News:

MASM32 SDK Description, downloads and other helpful links
MASM32.com New Forum Link
masmforum WebSite

cycle with high level

Started by korte, January 08, 2008, 04:59:25 PM

Previous topic - Next topic

korte

want cycle



cycle:
      mov al,[esi]
     cmp al,0
     jz cycle_end
     mov [edi],al
     inc esi
     inc edi
    jmp cycle

cycle_end:



How to best optimize this cycle ( 0 no store!!!)

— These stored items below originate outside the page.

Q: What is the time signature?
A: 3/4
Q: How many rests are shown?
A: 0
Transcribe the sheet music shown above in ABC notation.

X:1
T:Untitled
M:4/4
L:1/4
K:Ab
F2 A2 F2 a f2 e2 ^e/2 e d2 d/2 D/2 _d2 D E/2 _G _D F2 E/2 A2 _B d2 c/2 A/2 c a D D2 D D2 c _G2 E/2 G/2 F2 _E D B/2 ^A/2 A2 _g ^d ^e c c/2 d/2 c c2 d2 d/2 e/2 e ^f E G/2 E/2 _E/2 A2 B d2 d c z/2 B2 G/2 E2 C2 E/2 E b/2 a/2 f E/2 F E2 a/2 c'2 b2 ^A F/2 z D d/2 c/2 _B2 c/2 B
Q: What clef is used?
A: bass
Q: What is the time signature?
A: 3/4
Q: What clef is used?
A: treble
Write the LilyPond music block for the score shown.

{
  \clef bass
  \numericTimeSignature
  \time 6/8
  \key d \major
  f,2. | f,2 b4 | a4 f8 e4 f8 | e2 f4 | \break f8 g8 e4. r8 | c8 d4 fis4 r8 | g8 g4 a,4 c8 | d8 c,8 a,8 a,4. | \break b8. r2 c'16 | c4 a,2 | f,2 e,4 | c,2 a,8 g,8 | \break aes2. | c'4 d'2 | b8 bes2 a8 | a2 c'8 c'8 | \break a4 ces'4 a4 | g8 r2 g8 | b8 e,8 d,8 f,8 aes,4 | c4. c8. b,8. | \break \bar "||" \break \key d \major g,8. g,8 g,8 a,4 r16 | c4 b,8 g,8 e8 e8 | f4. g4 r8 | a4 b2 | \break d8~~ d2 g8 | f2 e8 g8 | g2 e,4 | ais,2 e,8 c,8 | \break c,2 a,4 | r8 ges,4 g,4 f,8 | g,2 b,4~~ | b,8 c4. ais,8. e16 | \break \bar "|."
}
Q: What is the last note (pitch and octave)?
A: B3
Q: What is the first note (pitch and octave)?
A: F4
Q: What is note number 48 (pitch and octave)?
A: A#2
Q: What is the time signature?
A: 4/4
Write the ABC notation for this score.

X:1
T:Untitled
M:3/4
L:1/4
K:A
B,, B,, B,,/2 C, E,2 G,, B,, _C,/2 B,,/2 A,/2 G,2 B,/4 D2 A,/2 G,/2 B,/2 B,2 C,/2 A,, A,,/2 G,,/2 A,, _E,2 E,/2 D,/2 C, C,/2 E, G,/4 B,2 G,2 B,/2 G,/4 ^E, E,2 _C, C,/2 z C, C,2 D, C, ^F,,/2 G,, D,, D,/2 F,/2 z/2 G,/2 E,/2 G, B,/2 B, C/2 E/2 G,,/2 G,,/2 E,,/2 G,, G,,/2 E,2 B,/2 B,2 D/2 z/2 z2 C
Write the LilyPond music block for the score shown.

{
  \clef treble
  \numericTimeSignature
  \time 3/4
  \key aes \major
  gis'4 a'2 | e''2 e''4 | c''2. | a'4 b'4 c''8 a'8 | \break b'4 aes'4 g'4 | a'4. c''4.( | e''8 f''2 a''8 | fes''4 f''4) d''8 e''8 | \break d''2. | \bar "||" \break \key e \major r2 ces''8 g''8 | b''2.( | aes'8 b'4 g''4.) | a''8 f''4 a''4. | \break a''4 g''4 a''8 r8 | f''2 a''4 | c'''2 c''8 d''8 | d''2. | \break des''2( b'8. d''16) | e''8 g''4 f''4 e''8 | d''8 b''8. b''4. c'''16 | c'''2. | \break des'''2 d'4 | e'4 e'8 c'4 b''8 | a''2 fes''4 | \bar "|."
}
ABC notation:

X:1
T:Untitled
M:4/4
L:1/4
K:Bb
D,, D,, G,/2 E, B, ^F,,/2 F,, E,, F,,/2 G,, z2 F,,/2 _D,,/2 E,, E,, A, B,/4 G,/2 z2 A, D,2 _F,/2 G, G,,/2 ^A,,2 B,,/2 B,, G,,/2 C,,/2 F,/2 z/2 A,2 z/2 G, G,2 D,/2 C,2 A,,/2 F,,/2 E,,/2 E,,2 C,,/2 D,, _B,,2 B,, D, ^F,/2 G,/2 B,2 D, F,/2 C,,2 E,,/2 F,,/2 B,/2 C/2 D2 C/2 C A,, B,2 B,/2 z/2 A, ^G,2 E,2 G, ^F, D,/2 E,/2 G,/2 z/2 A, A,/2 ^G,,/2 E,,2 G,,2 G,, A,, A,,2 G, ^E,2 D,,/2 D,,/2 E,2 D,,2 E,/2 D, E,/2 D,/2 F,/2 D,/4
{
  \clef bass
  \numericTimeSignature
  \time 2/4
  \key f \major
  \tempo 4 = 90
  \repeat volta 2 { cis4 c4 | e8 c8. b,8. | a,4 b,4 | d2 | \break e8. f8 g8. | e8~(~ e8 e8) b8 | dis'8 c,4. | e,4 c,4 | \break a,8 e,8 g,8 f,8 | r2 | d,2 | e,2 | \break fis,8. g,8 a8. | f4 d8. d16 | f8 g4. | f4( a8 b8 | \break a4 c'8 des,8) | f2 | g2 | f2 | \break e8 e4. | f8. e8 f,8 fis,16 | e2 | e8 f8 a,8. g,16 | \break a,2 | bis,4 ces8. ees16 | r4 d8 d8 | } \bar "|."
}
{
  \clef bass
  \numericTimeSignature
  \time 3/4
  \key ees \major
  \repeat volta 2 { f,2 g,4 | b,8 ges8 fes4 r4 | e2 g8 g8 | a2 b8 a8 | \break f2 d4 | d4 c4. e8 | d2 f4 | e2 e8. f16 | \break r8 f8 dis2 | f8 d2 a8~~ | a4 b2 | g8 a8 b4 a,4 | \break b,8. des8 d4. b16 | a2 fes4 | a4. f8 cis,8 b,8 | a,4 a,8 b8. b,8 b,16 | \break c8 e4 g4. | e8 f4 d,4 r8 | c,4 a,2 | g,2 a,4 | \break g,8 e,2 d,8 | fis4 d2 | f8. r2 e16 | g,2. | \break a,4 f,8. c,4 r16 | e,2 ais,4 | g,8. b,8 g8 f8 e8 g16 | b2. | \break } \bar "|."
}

I want to use while/repeat/until, but allways masm add extra JUMP


ossama

in my opinion it is the minimum instructions that one can use,
but about timing, if you use "add" instead of "inc" it will be faster (this is applicable in P4)


cycle:
      mov al,[esi]
     cmp al,0
     jz cycle_end
     mov [edi],al
     add esi,1
     add edi,1
    jmp cycle

cycle_end:

korte


ok. but this code with high level syntax

.repeat
     mov al,[esi]
     .if al==0
        .break
     end if
     mov [edi],al
     inc esi
     inc edi
.until 0


jdoe

You can do it with high level syntax but it is harder to know what's under the hood without creating a listing.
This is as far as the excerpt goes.